120, 121- Şeytan onlara devamlı vaadediyor. Onlara arzular sunuyor. Fakat şeytan aldatmaktan başka bir şey vaadetmez. İşte böylelerin sığınağı cehennemdir. Ve oradan bir kaçamak da bulamayacaklardır. .

122- İman edip salih ameller yapanlar ise, Biz onları altlarında nehirler akan cennetlere sokacağız. Onlar orada ebedî olarak kalacaklardır. Bu, Allah'ın hak olan vaadidir. Allah'tan daha doğru sözlü kim olabilir?

123- Ne siz müşriklerin ne de ehl-i kitabın kuruntu ve arzularınızla olmaz. (Kuruntularla kurtulacağınızı sanmayın.) Kim bir kötülük yaparsa, onunla cezalandırılacaktır. Ve o, Allah'tan başka ne bir dost ne de bir yardımcı bulamayacaktır.

124- Erkek olsun kadın olsun, kim imanlı olarak yararlı işler yaparsa işte onlar cennete gireceklerdir. Ve kıl payı kadar hakları yenilmeyecektir.

125- Güzel işler yaparak özünü Allah'a teslim eden, İbrahimin doğru olan dinine tabi olandan daha iyi ve güzel dindar kim olabilir? (Çünkü) Allah, İbrahimi kendine dost edinmiştir.

126- Göklerdeki ve yerdeki her şey Allah'ındır. Muhakkak Allah her şeyi kuşatmıştır.

127- Kadınlar(ın yetimleri) hakkında senden fetva istiyorlar. De ki: "Allah onlar hakkında size şöyle fetva veriyor: Yetim erkek çocuklar ve hak ettikleri mehir ve miraslarını vermek istemeden nikahlamak istediğiniz yetim kızlar hakkında olan Allah'ın hükmü ve yetimlere adaletle davranmanız gerekliliği hükmü kitapta size okunuyor.(*) Bu yasalara ilaveten yapacağınız bir iyilik olursa, şüphesiz Allah onu bilir.

(*) Nisa Süresi 2-7 ayetleri bu konudaki bütün hükümleri beyan etmiştir.

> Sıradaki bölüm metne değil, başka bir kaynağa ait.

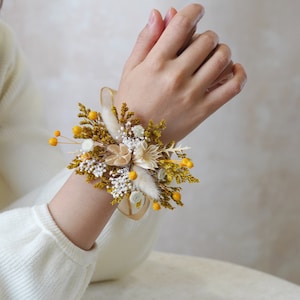 Yellow Wildflower Wrist Corsage,Natural Bride Wrist Corsages,Wedding Corsages,Bridesmaid Bracelet,Ladies Corsages,Dried Flower Bracelet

128- Eğer bir kadın, kocasının azgınlığından veya kendisini terk etmesinden korkarsa, barışa başvurmalarında onlara bir günah yoktur. Barış, (kavga ve geçimsizlikten daha) hayırlıdır. Nefisler bencillik ile yoğrulmuşlardır. (Onun için barışmak yerine, her bir taraf kendine çekmek ister.) Hâlbuki iyilik yapıp sakınırsanız, muhakkak Allah yaptıklarınızdan haberdardır.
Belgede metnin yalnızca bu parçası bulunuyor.